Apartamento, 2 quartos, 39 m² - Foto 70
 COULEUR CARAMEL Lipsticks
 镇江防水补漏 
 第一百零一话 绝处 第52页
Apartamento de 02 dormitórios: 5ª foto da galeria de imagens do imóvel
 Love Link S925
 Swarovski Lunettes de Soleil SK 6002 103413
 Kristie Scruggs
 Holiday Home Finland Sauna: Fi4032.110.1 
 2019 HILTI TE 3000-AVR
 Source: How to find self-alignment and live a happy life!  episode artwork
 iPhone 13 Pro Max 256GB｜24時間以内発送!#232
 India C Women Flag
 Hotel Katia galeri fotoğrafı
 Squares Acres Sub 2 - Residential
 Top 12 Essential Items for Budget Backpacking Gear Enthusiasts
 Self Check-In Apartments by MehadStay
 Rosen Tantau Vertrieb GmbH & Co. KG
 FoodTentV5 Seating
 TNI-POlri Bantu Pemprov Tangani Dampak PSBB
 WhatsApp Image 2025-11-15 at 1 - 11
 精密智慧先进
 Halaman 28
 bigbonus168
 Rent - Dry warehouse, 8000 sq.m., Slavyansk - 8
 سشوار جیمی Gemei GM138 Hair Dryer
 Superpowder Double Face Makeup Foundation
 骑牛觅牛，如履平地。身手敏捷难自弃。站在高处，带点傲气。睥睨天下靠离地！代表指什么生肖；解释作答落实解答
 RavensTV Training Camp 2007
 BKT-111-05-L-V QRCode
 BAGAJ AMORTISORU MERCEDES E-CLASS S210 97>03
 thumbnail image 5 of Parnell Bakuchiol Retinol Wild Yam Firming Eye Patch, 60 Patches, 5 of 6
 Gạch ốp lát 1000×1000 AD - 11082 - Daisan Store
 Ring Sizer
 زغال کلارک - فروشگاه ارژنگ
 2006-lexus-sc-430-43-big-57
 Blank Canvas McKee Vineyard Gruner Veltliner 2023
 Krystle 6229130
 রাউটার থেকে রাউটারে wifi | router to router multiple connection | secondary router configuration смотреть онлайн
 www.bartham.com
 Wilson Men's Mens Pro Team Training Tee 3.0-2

^^^^

Your answer should consist of the lines from the material that contain "Training".

 RavensTV Training Camp 2007
 Wilson Men's Mens Pro Team Training Tee 3.0-2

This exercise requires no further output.